Impressions and Reach

While these metrics seem similar and are often used interchangeably they measure 2 very different things, both of which bring clarity to how posts are reaching your audience.

Reach measures the number of unique viewers who saw your post.

Impressions measures the number of times your posts appeared in someone’s feed.

They seem similar, but 1 user can have your post appear in their feed multiple times. Content that is liked or retweeted, or shared by a users followers can cause your post to reappear in there feeds. Additionally, paid social ads can be shown to the same user multiple times.

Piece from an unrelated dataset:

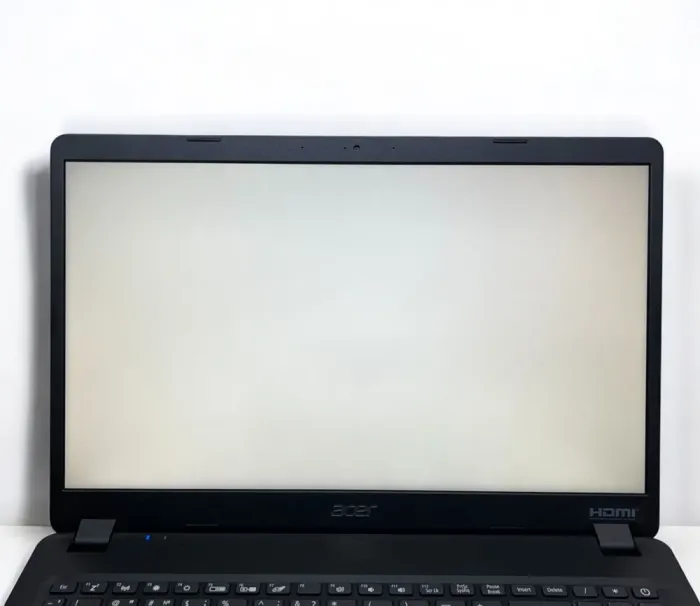 Ноутбук Acer Extensa 15 EX215-52 / 15.6" (1920x1080) TN / Intel Core i3-1005G1 (2 (4) ядра по 1.2 - 3.4 GHz) / 8 GB DDR4 / 256 GB SSD / Intel UHD Graphics / WebCam б/в - зображення 8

If your goal is awareness and brand recognition, reach and impressions are some of your most important metrics.  Even in a brand awareness campaign though, reach and impressions alone don’t tell the full story.  You’ll most likely want to measure reach, impressions, and engagement together in order to gauge the effectiveness of posts.  

Traffic

Social media marketing is all about encouraging an audience to take action, and that action oftentimes starts with a site visit. Measuring the number of visitors to your site from social media gives insight into not only how many people are clicking on links to your site, but gives you access to how they’re behaving once they get there. Bounce rate, time of site, pages visited, and dwell time can all be measured as byproducts of traffic as well. Segmenting your social media traffic by network/source can give more granular visibility into how each network is performing.

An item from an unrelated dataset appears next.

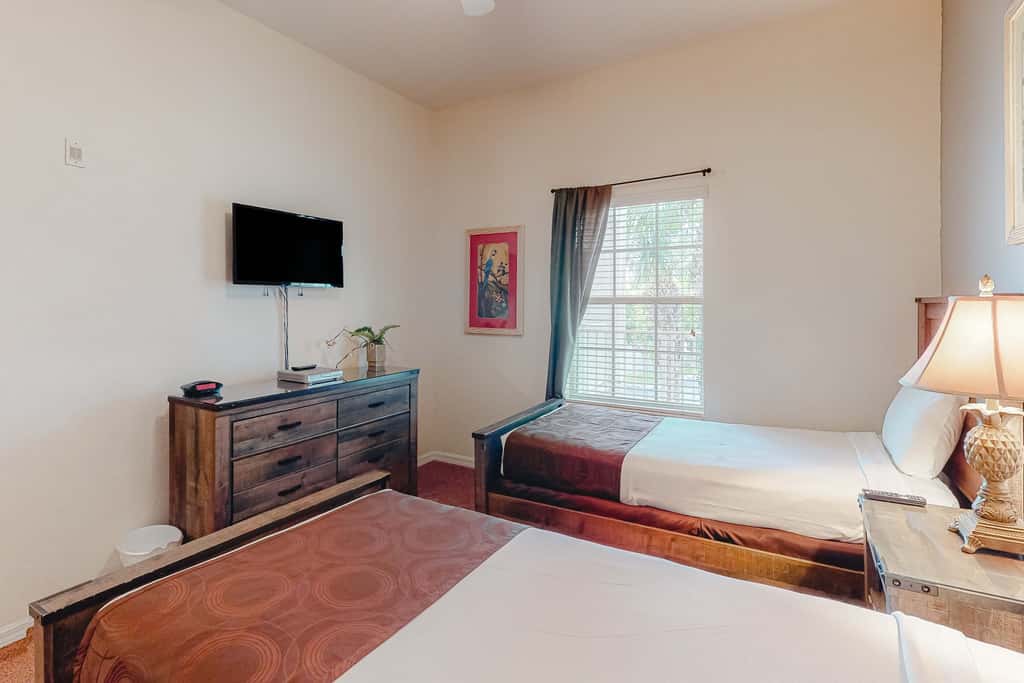 2nd floor condo near theme parks, restaurant, gym, shared pools, tennis court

A common challenge with tracking social media traffic is “misfiling” of the medium, resulting in social traffic being reflected in Google Analytics as direct or referral. Traffic from Facebook is notorious for this. Many times you’ll see referral traffic from m.facebook.com or lm.facebook.com. It can also show up as direct traffic when the referrer data is dropped. Creating custom channel groupings is a great way to solve this problem in the long run but as an extra precaution, you should use UTM strings in social posts that correctly tag the source and medium, especially for paid ads.

Conversions

Almost every brand has conversion actions on their site. Lead submissions, phone calls, asset downloads, purchases, it can all be tracked. While it’s fairly easy to track organic social conversions withing Google Analytics, if you’re running paid campaigns within Facebook or Instagram, the conversion metrics from Facebook and Google Analytics might not match up. It’s not uncommon to see large discrepancies between reported within social platforms and Google Analytics.

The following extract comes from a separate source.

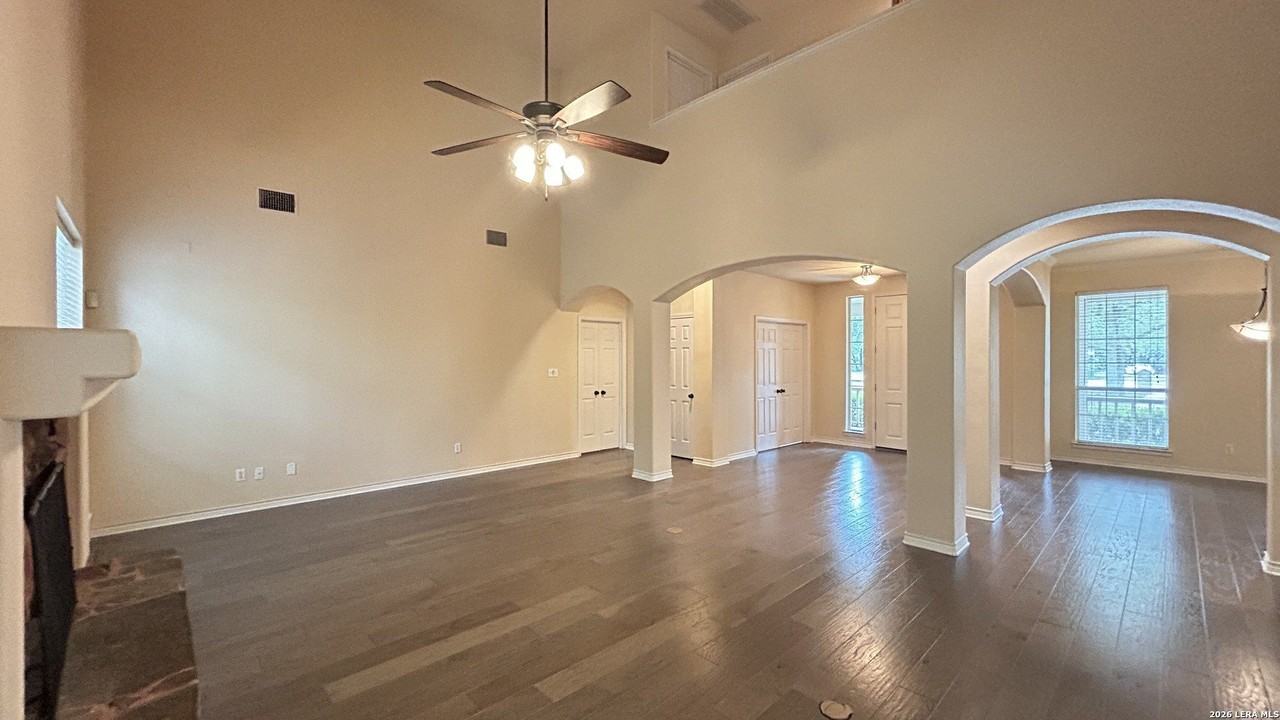 305 Kendall Pkwy - Photo 7 of 36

One of the big reasons for this is that Facebook measures non-linear conversions whereas Google Analytics measures last-click attribution. If a user engages with your ad and then returns to your site 2 days later and converts, Facebook will track that as a conversion, Google Analytics will attribute that conversion to whatever channel the user last came in on. Depending on how your brand measures conversions, you’ll need to pick which measurement makes the most sense.

Reporting

Once you know what to track and where to find it, pulling all the metrics together into a single spot is the next step. No one wants to visit 5+ sites to try and get the full picture of what’s happening with social media, but luckily you don’t have to.

There’s a host of paid tools that brands can use to track social media performance ranging from under $100/mo up to $500+ depending on the size and scope of social campaigns. While that might be the right fit for some brands you can save some marketing dollars by creating your own comprehensive reporting for free (or nearly).

Google Analytics can’t pull in reach, impression, or engagement metrics, but it can get just about anything else. Within Google Analytics you can create customized reports and dashboards that will display any metric the platform tracks. This is a great place for quick snapshots of traffic, conversions, and campaign performance. If you’re wanting a more comprehensive view of your social program, Google Data Studio allows for a world of customization. There are no direct free connectors to pull metrics from Twitter, LinkedIn, Facebook, or Instagram, but you can export your data as a CSV from all the platforms and use that as a data source to pull into Data Studio. If there’s some budget for it, tools like Super Metrics will connect directly to your social channels and can pull social metrics directly into Google Sheets to use as a data source.